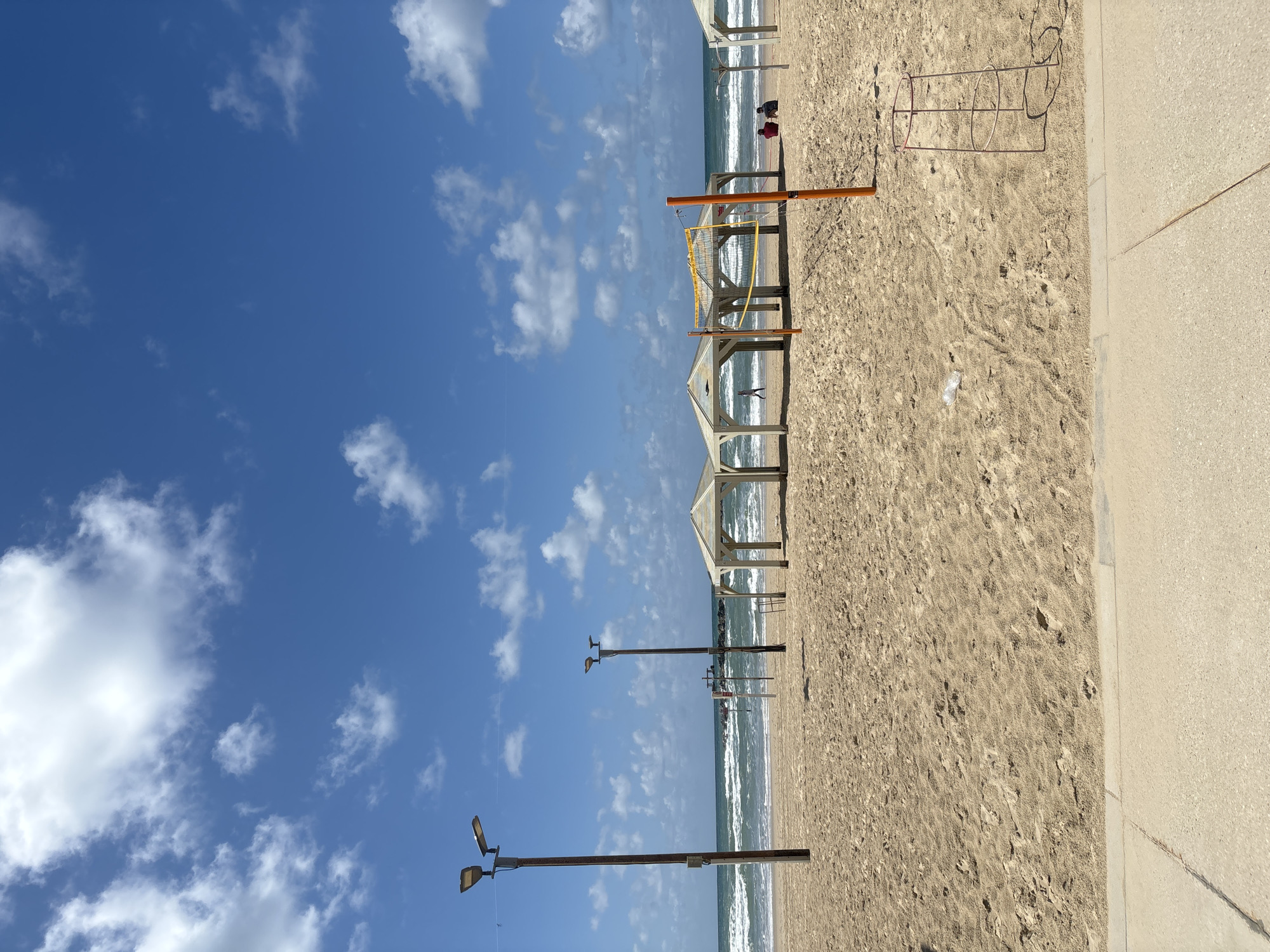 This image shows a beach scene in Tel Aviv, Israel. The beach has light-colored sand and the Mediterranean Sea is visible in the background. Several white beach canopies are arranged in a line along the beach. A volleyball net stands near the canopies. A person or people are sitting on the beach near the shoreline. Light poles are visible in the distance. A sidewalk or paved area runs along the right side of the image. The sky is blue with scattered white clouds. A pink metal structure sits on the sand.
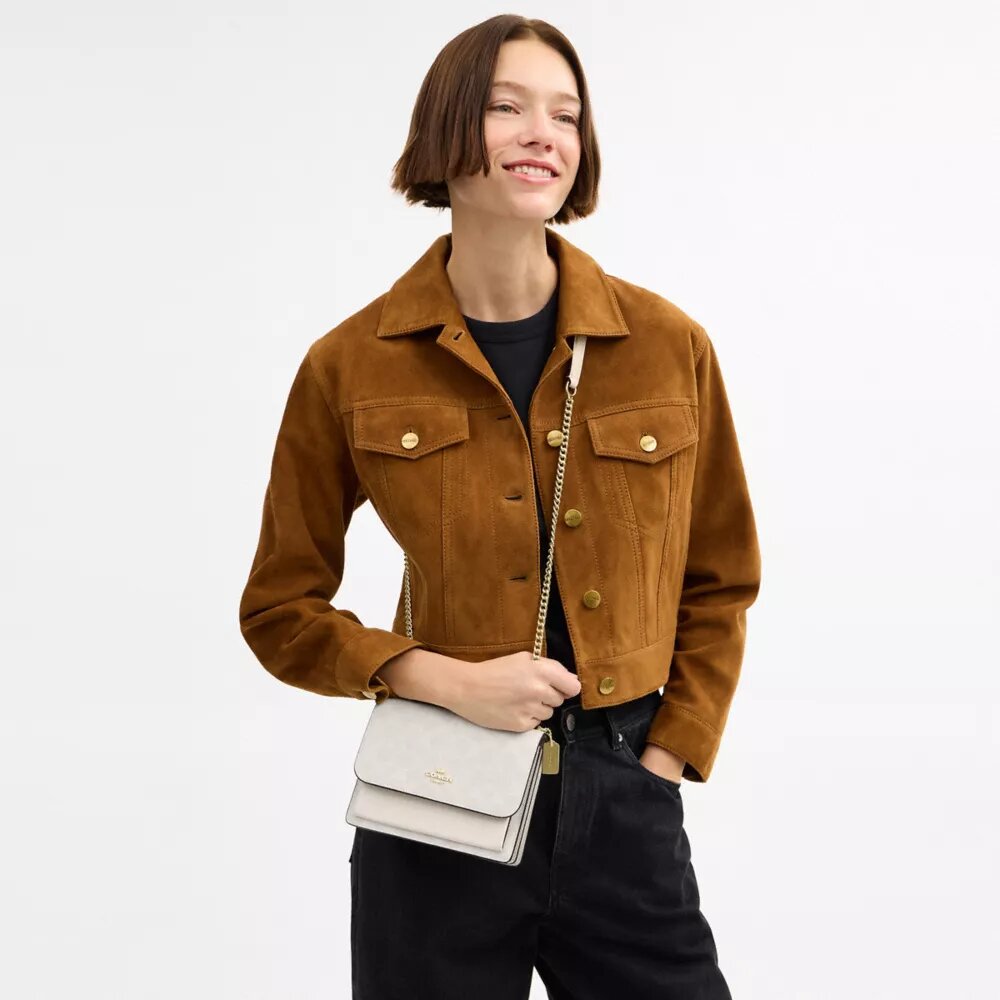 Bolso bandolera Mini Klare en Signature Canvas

☆ ☆ ☆ ☆ ☆ ☆ ☆

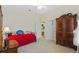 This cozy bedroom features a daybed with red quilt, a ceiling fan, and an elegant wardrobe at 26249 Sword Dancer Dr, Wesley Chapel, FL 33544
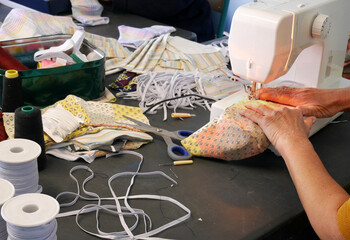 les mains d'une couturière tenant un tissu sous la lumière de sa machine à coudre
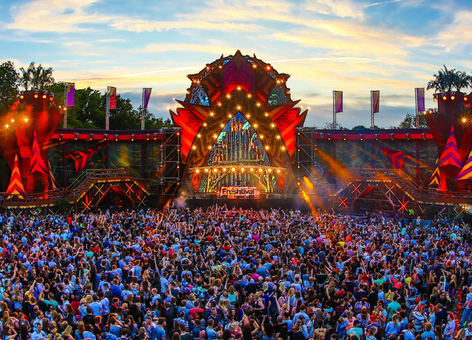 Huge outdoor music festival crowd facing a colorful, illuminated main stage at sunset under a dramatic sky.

☆ ☆ ☆ ☆ ☆ ☆ ☆

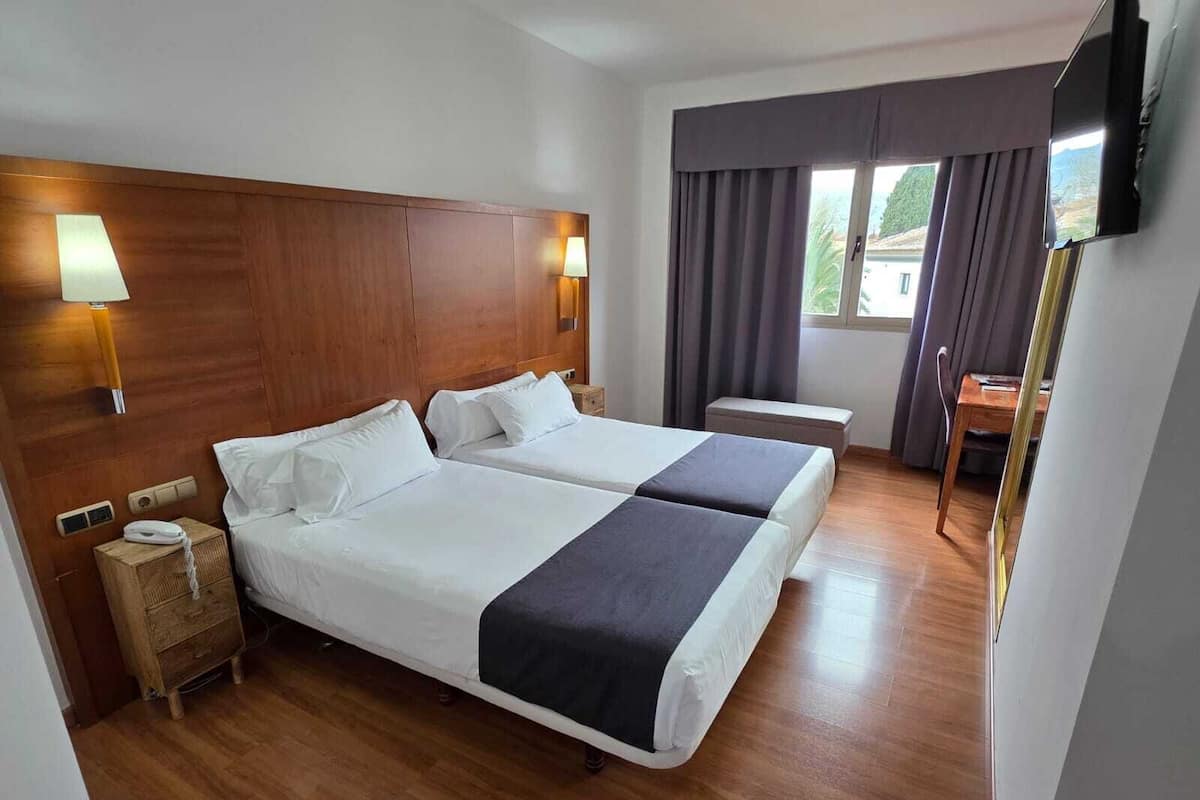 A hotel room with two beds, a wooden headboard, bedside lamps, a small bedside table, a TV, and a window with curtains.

☆ ☆ ☆ ☆ ☆ ☆ ☆

From the records above, write out exactly the lines that begin at the line with "This image shows" and end at the line with "Bolso bandolera Mini". Pictures must not appear in the output.

 This image shows a beach scene in Tel Aviv, Israel. The beach has light-colored sand and the Mediterranean Sea is visible in the background. Several white beach canopies are arranged in a line along the beach. A volleyball net stands near the canopies. A person or people are sitting on the beach near the shoreline. Light poles are visible in the distance. A sidewalk or paved area runs along the right side of the image. The sky is blue with scattered white clouds. A pink metal structure sits on the sand.
 Bolso bandolera Mini Klare en Signature Canvas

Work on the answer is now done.